[Stored data entries]
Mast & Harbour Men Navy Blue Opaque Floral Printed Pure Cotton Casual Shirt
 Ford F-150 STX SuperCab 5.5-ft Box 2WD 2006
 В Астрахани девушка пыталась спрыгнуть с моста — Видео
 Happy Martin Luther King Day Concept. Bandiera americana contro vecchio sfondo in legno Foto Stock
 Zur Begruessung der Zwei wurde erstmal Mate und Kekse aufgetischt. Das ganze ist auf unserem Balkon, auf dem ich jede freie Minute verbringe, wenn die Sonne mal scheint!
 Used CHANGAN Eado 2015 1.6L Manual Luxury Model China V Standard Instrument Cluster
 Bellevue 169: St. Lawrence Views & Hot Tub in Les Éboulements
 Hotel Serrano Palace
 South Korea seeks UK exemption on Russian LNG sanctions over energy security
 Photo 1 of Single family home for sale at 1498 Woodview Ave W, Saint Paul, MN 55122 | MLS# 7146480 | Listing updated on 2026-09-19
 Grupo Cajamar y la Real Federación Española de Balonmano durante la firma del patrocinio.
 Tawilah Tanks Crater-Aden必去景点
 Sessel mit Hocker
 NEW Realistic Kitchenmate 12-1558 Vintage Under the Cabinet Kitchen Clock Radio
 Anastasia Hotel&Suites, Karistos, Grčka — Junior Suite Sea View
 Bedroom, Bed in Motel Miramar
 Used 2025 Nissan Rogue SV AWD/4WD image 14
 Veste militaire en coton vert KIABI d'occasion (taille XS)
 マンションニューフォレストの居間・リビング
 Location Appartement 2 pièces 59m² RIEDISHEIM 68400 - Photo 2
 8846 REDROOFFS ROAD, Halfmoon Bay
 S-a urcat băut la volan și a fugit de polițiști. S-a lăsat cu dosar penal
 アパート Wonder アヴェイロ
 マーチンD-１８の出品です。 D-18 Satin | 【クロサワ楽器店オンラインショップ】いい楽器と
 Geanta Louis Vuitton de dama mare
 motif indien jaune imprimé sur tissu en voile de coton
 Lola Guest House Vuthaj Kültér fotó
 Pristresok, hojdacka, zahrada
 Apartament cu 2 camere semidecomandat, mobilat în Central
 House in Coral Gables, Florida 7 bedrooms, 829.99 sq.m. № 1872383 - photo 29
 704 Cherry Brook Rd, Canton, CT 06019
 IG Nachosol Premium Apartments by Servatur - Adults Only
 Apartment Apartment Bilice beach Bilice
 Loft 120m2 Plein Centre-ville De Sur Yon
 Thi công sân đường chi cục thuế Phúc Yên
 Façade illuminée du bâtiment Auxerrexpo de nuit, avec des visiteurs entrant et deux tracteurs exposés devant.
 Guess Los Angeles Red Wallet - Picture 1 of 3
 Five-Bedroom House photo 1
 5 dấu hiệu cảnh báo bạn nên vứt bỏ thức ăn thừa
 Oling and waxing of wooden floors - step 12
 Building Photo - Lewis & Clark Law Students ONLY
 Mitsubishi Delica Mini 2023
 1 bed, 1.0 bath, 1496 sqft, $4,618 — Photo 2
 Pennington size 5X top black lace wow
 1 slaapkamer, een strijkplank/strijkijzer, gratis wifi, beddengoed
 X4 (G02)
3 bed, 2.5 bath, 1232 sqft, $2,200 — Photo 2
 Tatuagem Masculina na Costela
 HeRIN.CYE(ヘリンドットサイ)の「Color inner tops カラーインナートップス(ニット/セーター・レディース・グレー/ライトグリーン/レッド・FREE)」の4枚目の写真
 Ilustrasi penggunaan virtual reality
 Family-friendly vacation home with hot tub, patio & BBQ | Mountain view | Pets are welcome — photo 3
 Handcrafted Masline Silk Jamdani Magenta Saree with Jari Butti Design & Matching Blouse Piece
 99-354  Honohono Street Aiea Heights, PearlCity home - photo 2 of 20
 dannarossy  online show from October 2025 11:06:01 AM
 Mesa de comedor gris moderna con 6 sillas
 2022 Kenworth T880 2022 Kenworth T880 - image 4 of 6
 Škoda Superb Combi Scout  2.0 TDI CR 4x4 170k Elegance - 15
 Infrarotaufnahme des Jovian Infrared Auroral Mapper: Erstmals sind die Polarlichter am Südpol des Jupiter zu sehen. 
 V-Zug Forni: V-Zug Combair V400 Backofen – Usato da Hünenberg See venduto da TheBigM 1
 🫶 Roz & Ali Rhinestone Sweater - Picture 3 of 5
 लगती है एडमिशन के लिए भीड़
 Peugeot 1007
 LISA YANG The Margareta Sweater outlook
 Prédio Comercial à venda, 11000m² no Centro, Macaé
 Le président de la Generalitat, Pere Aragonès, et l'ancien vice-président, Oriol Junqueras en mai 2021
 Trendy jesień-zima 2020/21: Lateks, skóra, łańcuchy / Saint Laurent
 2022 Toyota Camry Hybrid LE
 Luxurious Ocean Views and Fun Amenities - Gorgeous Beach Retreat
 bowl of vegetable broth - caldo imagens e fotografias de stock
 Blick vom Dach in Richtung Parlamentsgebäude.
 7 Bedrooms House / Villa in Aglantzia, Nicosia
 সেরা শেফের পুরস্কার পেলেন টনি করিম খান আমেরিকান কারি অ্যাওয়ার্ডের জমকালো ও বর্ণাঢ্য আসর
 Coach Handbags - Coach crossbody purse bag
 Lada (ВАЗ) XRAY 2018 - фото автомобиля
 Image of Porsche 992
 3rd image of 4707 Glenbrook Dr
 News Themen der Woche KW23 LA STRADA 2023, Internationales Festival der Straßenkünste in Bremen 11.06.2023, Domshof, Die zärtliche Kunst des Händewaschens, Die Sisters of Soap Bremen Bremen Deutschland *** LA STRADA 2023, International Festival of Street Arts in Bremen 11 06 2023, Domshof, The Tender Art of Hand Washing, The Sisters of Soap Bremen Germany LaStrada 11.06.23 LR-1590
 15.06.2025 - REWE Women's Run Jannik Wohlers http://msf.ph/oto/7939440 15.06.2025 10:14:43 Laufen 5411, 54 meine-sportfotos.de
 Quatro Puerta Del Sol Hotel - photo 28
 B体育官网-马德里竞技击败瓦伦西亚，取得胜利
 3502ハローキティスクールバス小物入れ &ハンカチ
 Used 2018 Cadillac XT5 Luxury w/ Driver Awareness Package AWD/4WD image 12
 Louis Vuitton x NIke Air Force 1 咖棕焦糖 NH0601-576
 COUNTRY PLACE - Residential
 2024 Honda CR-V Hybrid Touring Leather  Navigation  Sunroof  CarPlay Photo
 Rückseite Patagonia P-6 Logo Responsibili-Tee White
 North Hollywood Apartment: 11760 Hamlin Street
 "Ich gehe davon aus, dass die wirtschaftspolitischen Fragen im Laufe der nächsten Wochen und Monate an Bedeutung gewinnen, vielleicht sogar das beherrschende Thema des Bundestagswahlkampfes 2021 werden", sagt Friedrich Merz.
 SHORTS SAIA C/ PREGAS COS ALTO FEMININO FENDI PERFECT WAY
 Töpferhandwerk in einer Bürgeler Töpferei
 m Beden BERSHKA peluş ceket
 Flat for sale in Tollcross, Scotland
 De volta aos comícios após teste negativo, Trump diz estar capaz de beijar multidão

### Required action
Give back all the data exactly as it was written.

### Expected answer
Mast & Harbour Men Navy Blue Opaque Floral Printed Pure Cotton Casual Shirt
 Ford F-150 STX SuperCab 5.5-ft Box 2WD 2006
 В Астрахани девушка пыталась спрыгнуть с моста — Видео
 Happy Martin Luther King Day Concept. Bandiera americana contro vecchio sfondo in legno Foto Stock
 Zur Begruessung der Zwei wurde erstmal Mate und Kekse aufgetischt. Das ganze ist auf unserem Balkon, auf dem ich jede freie Minute verbringe, wenn die Sonne mal scheint!
 Used CHANGAN Eado 2015 1.6L Manual Luxury Model China V Standard Instrument Cluster
 Bellevue 169: St. Lawrence Views & Hot Tub in Les Éboulements
 Hotel Serrano Palace
 South Korea seeks UK exemption on Russian LNG sanctions over energy security
 Photo 1 of Single family home for sale at 1498 Woodview Ave W, Saint Paul, MN 55122 | MLS# 7146480 | Listing updated on 2026-09-19
 Grupo Cajamar y la Real Federación Española de Balonmano durante la firma del patrocinio.
 Tawilah Tanks Crater-Aden必去景点
 Sessel mit Hocker
 NEW Realistic Kitchenmate 12-1558 Vintage Under the Cabinet Kitchen Clock Radio
 Anastasia Hotel&Suites, Karistos, Grčka — Junior Suite Sea View
 Bedroom, Bed in Motel Miramar
 Used 2025 Nissan Rogue SV AWD/4WD image 14
 Veste militaire en coton vert KIABI d'occasion (taille XS)
 マンションニューフォレストの居間・リビング
 Location Appartement 2 pièces 59m² RIEDISHEIM 68400 - Photo 2
 8846 REDROOFFS ROAD, Halfmoon Bay
 S-a urcat băut la volan și a fugit de polițiști. S-a lăsat cu dosar penal
 アパート Wonder アヴェイロ
 マーチンD-１８の出品です。 D-18 Satin | 【クロサワ楽器店オンラインショップ】いい楽器と
 Geanta Louis Vuitton de dama mare
 motif indien jaune imprimé sur tissu en voile de coton
 Lola Guest House Vuthaj Kültér fotó
 Pristresok, hojdacka, zahrada
 Apartament cu 2 camere semidecomandat, mobilat în Central
 House in Coral Gables, Florida 7 bedrooms, 829.99 sq.m. № 1872383 - photo 29
 704 Cherry Brook Rd, Canton, CT 06019
 IG Nachosol Premium Apartments by Servatur - Adults Only
 Apartment Apartment Bilice beach Bilice
 Loft 120m2 Plein Centre-ville De Sur Yon
 Thi công sân đường chi cục thuế Phúc Yên
 Façade illuminée du bâtiment Auxerrexpo de nuit, avec des visiteurs entrant et deux tracteurs exposés devant.
 Guess Los Angeles Red Wallet - Picture 1 of 3
 Five-Bedroom House photo 1
 5 dấu hiệu cảnh báo bạn nên vứt bỏ thức ăn thừa
 Oling and waxing of wooden floors - step 12
 Building Photo - Lewis & Clark Law Students ONLY
 Mitsubishi Delica Mini 2023
 1 bed, 1.0 bath, 1496 sqft, $4,618 — Photo 2
 Pennington size 5X top black lace wow
 1 slaapkamer, een strijkplank/strijkijzer, gratis wifi, beddengoed
 X4 (G02)
3 bed, 2.5 bath, 1232 sqft, $2,200 — Photo 2
 Tatuagem Masculina na Costela
 HeRIN.CYE(ヘリンドットサイ)の「Color inner tops カラーインナートップス(ニット/セーター・レディース・グレー/ライトグリーン/レッド・FREE)」の4枚目の写真
 Ilustrasi penggunaan virtual reality
 Family-friendly vacation home with hot tub, patio & BBQ | Mountain view | Pets are welcome — photo 3
 Handcrafted Masline Silk Jamdani Magenta Saree with Jari Butti Design & Matching Blouse Piece
 99-354  Honohono Street Aiea Heights, PearlCity home - photo 2 of 20
 dannarossy  online show from October 2025 11:06:01 AM
 Mesa de comedor gris moderna con 6 sillas
 2022 Kenworth T880 2022 Kenworth T880 - image 4 of 6
 Škoda Superb Combi Scout  2.0 TDI CR 4x4 170k Elegance - 15
 Infrarotaufnahme des Jovian Infrared Auroral Mapper: Erstmals sind die Polarlichter am Südpol des Jupiter zu sehen. 
 V-Zug Forni: V-Zug Combair V400 Backofen – Usato da Hünenberg See venduto da TheBigM 1
 🫶 Roz & Ali Rhinestone Sweater - Picture 3 of 5
 लगती है एडमिशन के लिए भीड़
 Peugeot 1007
 LISA YANG The Margareta Sweater outlook
 Prédio Comercial à venda, 11000m² no Centro, Macaé
 Le président de la Generalitat, Pere Aragonès, et l'ancien vice-président, Oriol Junqueras en mai 2021
 Trendy jesień-zima 2020/21: Lateks, skóra, łańcuchy / Saint Laurent
 2022 Toyota Camry Hybrid LE
 Luxurious Ocean Views and Fun Amenities - Gorgeous Beach Retreat
 bowl of vegetable broth - caldo imagens e fotografias de stock
 Blick vom Dach in Richtung Parlamentsgebäude.
 7 Bedrooms House / Villa in Aglantzia, Nicosia
 সেরা শেফের পুরস্কার পেলেন টনি করিম খান আমেরিকান কারি অ্যাওয়ার্ডের জমকালো ও বর্ণাঢ্য আসর
 Coach Handbags - Coach crossbody purse bag
 Lada (ВАЗ) XRAY 2018 - фото автомобиля
 Image of Porsche 992
 3rd image of 4707 Glenbrook Dr
 News Themen der Woche KW23 LA STRADA 2023, Internationales Festival der Straßenkünste in Bremen 11.06.2023, Domshof, Die zärtliche Kunst des Händewaschens, Die Sisters of Soap Bremen Bremen Deutschland *** LA STRADA 2023, International Festival of Street Arts in Bremen 11 06 2023, Domshof, The Tender Art of Hand Washing, The Sisters of Soap Bremen Germany LaStrada 11.06.23 LR-1590
 15.06.2025 - REWE Women's Run Jannik Wohlers http://msf.ph/oto/7939440 15.06.2025 10:14:43 Laufen 5411, 54 meine-sportfotos.de
 Quatro Puerta Del Sol Hotel - photo 28
 B体育官网-马德里竞技击败瓦伦西亚，取得胜利
 3502ハローキティスクールバス小物入れ &ハンカチ
 Used 2018 Cadillac XT5 Luxury w/ Driver Awareness Package AWD/4WD image 12
 Louis Vuitton x NIke Air Force 1 咖棕焦糖 NH0601-576
 COUNTRY PLACE - Residential
 2024 Honda CR-V Hybrid Touring Leather  Navigation  Sunroof  CarPlay Photo
 Rückseite Patagonia P-6 Logo Responsibili-Tee White
 North Hollywood Apartment: 11760 Hamlin Street
 "Ich gehe davon aus, dass die wirtschaftspolitischen Fragen im Laufe der nächsten Wochen und Monate an Bedeutung gewinnen, vielleicht sogar das beherrschende Thema des Bundestagswahlkampfes 2021 werden", sagt Friedrich Merz.
 SHORTS SAIA C/ PREGAS COS ALTO FEMININO FENDI PERFECT WAY
 Töpferhandwerk in einer Bürgeler Töpferei
 m Beden BERSHKA peluş ceket
 Flat for sale in Tollcross, Scotland
 De volta aos comícios após teste negativo, Trump diz estar capaz de beijar multidão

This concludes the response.